Thursday, January 22, 2015

On Things Spent



   Live music could be heard throughout every canlde-lit corner of Abandonato's Italian Restaurant on first street. Awkward silence would follow.

   In the northwest end of the establishment, where seating was only available by reservation, a young man and woman sat at a particularly isolated table-for-two with an enviable view of the moon on the river. Their only company was their waiter, who seemed to busy elsewhere.

   The young man was Kale Brassica, and he was explaining, "Last night I dreamed about a graveyard. I think I owned it. Everybody left behind all the time they had had wasted in life, and I was able use it however I wanted. Then this voice told me that all the time I was wasting in my life, I would have to leave behind when I die. Then I woke up."

   "Listen, Kale," the young woman said, "I really like you, and everything, but I think we should just be friends for a while."

   Nodding momentarily as he processed her words, Kale admitted, "I think we should, too. If that's what you really want." His eyes fell from hers, ignoring her elegant dress, and landed decidedly on her half-finished plate Chicken Mafalde. "So, we're splitting the bill, right?"

   The next morning was early for Kale, not at the hands of a sleepless night, but because he knew what Sundays did to the prices at garage sales. He locked his doors and brought his ten-speed out to the street.

   Kale bought seventeen carefully-selected items from the three garage sales he'd visited by lunch time. When three o'clock had come, he'd made and haggled for over fifty purchases. He'd been past his home four times to empty his bags. By five o'clock, he'd been to eight sales. Twice today, Kale had ended up selling items to men who were actually running the garage sales. As Kale had figured out a while back, not all people were as accustomed as he was to having cash on hand and not spending it.

   After an estate auction that had gone rather well, Kale retreated to his final stop for the day. He tied his bike to the skeleton of a phone booth with a storage-unit padlock and a dog-leash choke chain he had found in a park the year before. Kale had long-known that if he parked his bike here, he could keep an eye on it from the counter inside.

   Rook's Pawn Shop was owned and operated by two brothers and their younger sister. The youngest brother, still Kale's senior, was Lawrence, and he seemed to be the clerk on-hand today, standing at the counter with his back to the door, watching a television mounted above some file cabinet beside the taxidermied head of a fork-horned Mule Deer.

   "Still haven't sold that four-point," Kale observed over the ring of the entry bell.

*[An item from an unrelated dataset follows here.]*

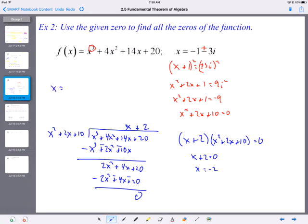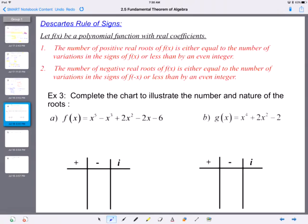x plus 2 is a factor, so x equals negative 2 is also a solution. Writing all the zeros: x equals negative 2 and negative 1 plus or minus 3i. That's an example of how I can get you to do long division to find the remaining roots. Moving on to the next thing — Descartes' rule of signs.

   "Not so far. What do you have for me today, Kale?" Lawrence asked, before even having turned around.

   Kale set his shoulder bag on the show-case counter and removed a few assorted baubles from the bag, as Laurence muted the volume, and put on the pair of half-moon bifocals he kept tied to his neck like a librarian. He and Kale didn't immediately make any real eye contact. Kale explained what he thought his items were worth, and tucked away a couple of objects that didn't peak Laurence's interest.

   "How about that toy car?" Lawrence asked, pointing to Kale's half-open bag.

   "That one, I'm selling online," said Kale. "You know you can't give me what it's worth."

   "Ninety-five."

   "Nope," Kale said, and he shoved the toy car in the shoulder bag aside. Lawrence scribbled on a clipboard and handled a few of the items. He asked Kale what he paid for of a beer stein that was among the assortment. Kale worded the truth in his favor.

   After a few minutes in the cash room with the shadow-dance of a ceiling fan chopping the walls, and the two of them chewing the fat about the contents of the gun case the whole time, Lawrence finalized his offers, and returned to the counter with more notes on his clipboard and a tan rubber band around his wrist. Kale read over the bids immediately, deciding to accept two of them and haggle on a two more. When they'd agreed on what was fair, Kale signed the usual permissions and stuffed his take-away in the big pocket of his wallet.

   "That's better," Kale said. "Now I feel like dinner last night didn't cost me anything."

   "What? Did you strike out again?"

   "Well, you don't see me buying any jewelry, right?" Kale asked through a half-smile. He shouldered his bag, ready to depart, until something in the show-case caught his eye, and he stood there still a moment. Kale nodded at the case. "Uh... that pocket watch in there. Was that on display yesterday?"

   Lawrence raised his eyebrows and closed his eyes behind his glasses. "Actually, I just got that one in the books. I only put it in the case this morning."

   "Alright," said Kale, his eyes darting to and then back from his bike parked outside the pawn-shop window, "Let's have a look at it."